A new study being presented at this year’s annual meeting of the American Educational Research Association suggests that as undergraduates progress in higher education, they become less interested, on average, in promoting racial understanding. The study finds that this is true across racial groups — although it finds some characteristics of the college experience that may make students more interested in racial understanding as they proceed from freshman to senior year.

The study is by Jesse D. Rude, a principal research analyst at NORC at the University of Chicago; Gregory C. Wolniak, a senior research scientist at NORC at the University of Chicago; and Ernest Pascarella, the Mary Louise Petersen Professor of Higher Education at the University of Iowa. They used survey data of students at 6 liberal arts colleges and 11 universities collected by the Wabash National Study of Liberal Arts Education.

Students were asked: “How important to you personally is helping to promote racial understanding?” The researchers write that they selected this as the question because, unlike questions about “openness to diversity” or “other more abstract notions of tolerance,” this question “attempts to capture respondents’ personal commitment to improving racial understanding and may be less prone to social desirability bias.” Students were asked the question upon arriving at college, at the end of their freshman year, and at the end of their senior year.

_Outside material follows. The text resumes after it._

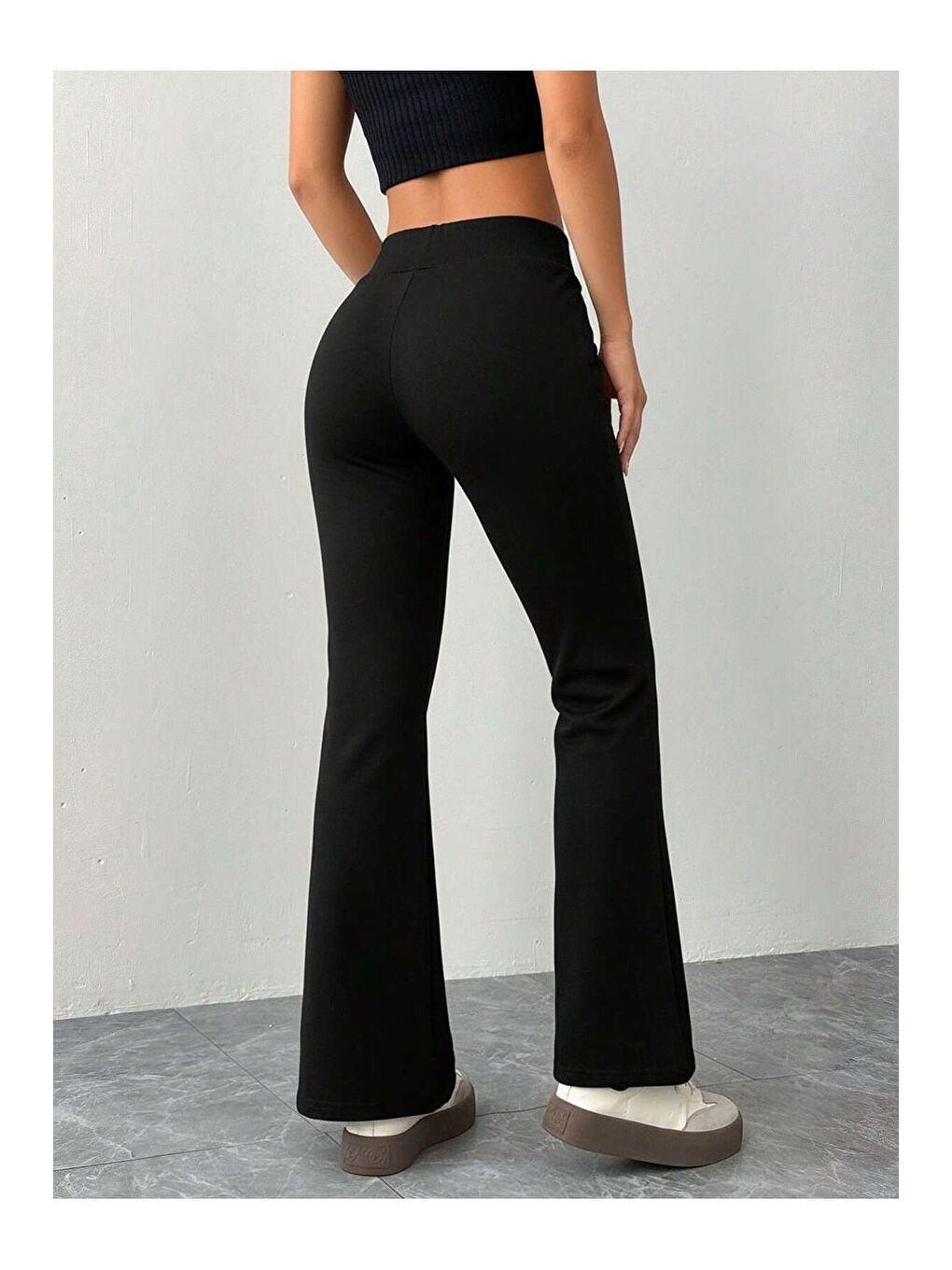 Siyah Kadın Yüksek Bel Flare Paça Eşofman Altı – 2 İplik Kumaş, Toparlayıcı, İspanyol Paça-3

Ranking the importance of promoting racial understanding on a four-point scale, African American students started off with the highest score (above 3.2), followed by Hispanics (just below 3.2), Asians (around 2.9) and whites (just under 2.5). All four groups were lower at the end of their freshman year, and lower as well by their senior year. Asians showed some rebound between the end of freshman year and senior year, but still ended up at a lower point than where they started.